First and foremost, Tinder's defensive rant should have never been directed at the writer, especially publically. Sales' story didn't misreport facts, nor was it particularly critical of Tinder itself. She painted a picture of a widely-discussed cultural phenomenon using anecdotal opinions, which, lets be honest, were already public knowledge -- opinions on today's hook-up culture are beyond trite at this point. If Tinder truly had a fair and valid objection to the way in which they were portrayed, they should have politely and professionally contacted the writer and her editors privately, correcting any actual factual inaccuracies and maintaining availability for comment for follow-ups and future articles. Instead, in a misguided attempt to garner public support, Tinder acted out like a tantrum-throwing child, likely damaging their relationship with both that individual writer and publication as well as the media as a whole. This brand of aggressively defensive and unprofessional behavior makes Tinder look like a company that has no interest in creating positive relationships with reporters and certainly won't encourage the media to work with them in the future.
Moreover, the rant itself was just odd and confusing. It managed to turn an anecdotal story on a topic that is neither new nor controversial -- the bleakness of navigating modern-day dating -- into a picture of Tinder as company that is spiteful, unprofessional, immature and most importantly, insecure. Rather than own what they are and the services they provide, connecting over 50 million users to one another with over 1 billion swipes every single day, Tinder reacted in a way that made them seem both insecure and even ashamed of what they do.

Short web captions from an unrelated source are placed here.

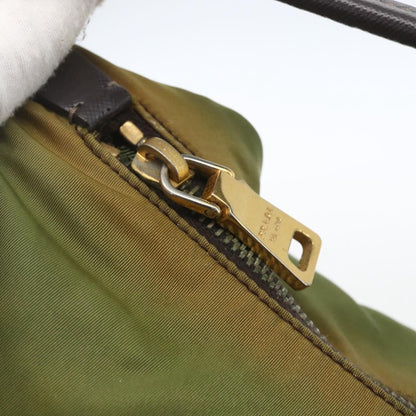 Prada PRADA Shoulder Bag Nylon Leather Khaki Gold Authentic 165173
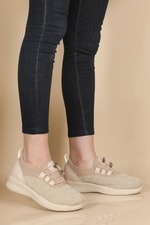 Nefes Alır Ortopedik Krem Kadın Ayakkabı Fanny Kadın Rahat / Confort Anatomik Beınsteps VARBA 802 Fanny Kadın Sneakers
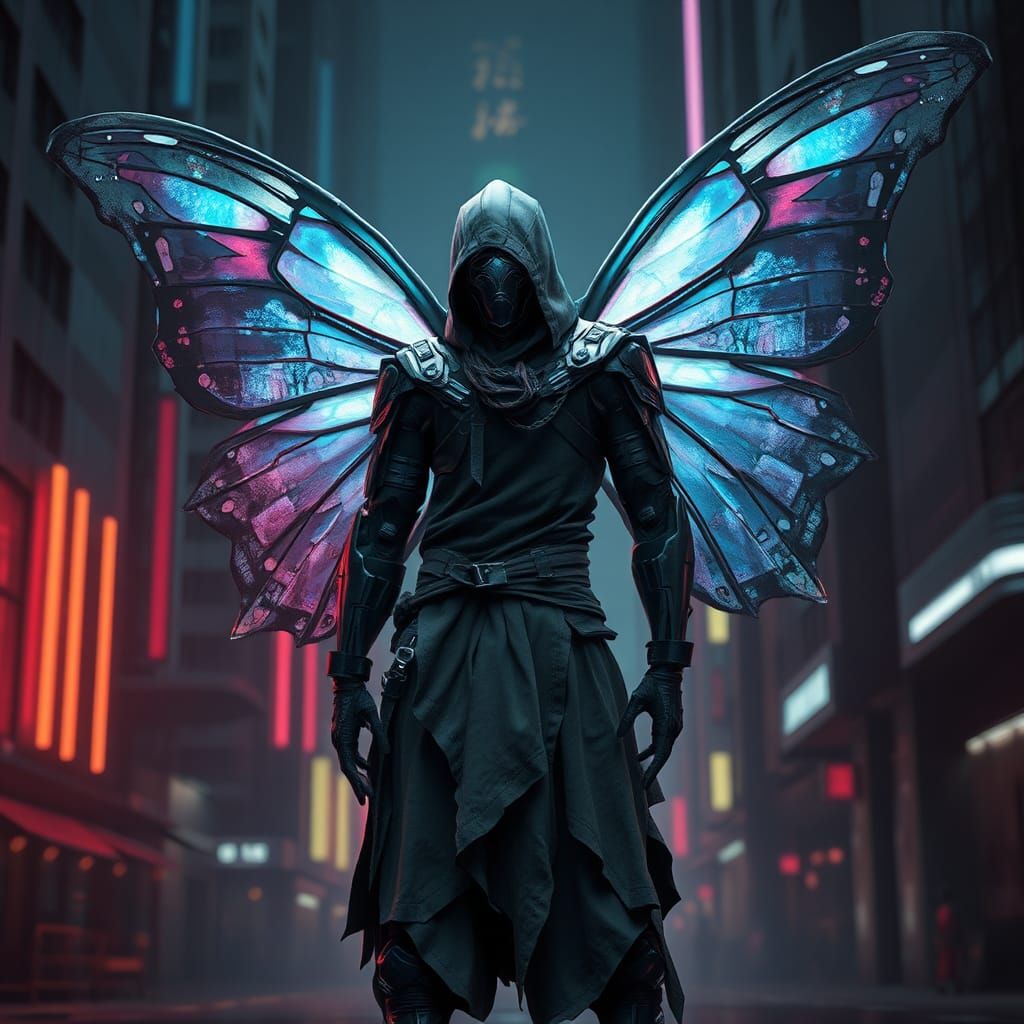 Futuristic Ninja Warrior with Butterfly Wings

Most unfortunately though is the absolutely wasted opportunity. Sales' Vanity Fair piece served up a perfect platform for Tinder, giving the company a jumping off point to own what they are -- a mobile dating app that transforms the way people have relationships and gives users the ability to connect with more people than they ever have before -- while also giving them an opportunity to share the numerous and diverse positive stories created by Tinder. The story set in motion a conversation, creating a valuable space for Tinder to humbly discuss the variety of unique, positive narratives -- which for the record, are definitely out there -- exemplifying how their app has brought people all over the world together. Rather than looking like a loose-cannon Twitter amateur, they could have focused on the positives: the discussion on the young gay men and women using Tinder to subvert laws banning same-sex relationships in Pakistan, the divorcees getting a second chance at love, or the married couple that just happened to be on the same subway platform, that otherwise would have never met if it weren't for Tinder. All of this could have been done without referencing the original Vanity Fair piece or attacking a journalist -- if anything, a single subtweet, before then moving on to highlight the many #SwipedRight stories, would have sufficed.
Tinder won't go bankrupt from this meltdown. But all in all, the entire affair was unnecessary, unproductive and embarrassing. Tinder had an amazing gift of a PR opportunity as well as a chance to own what their app has accomplished, and they blew it. I'd swipe left.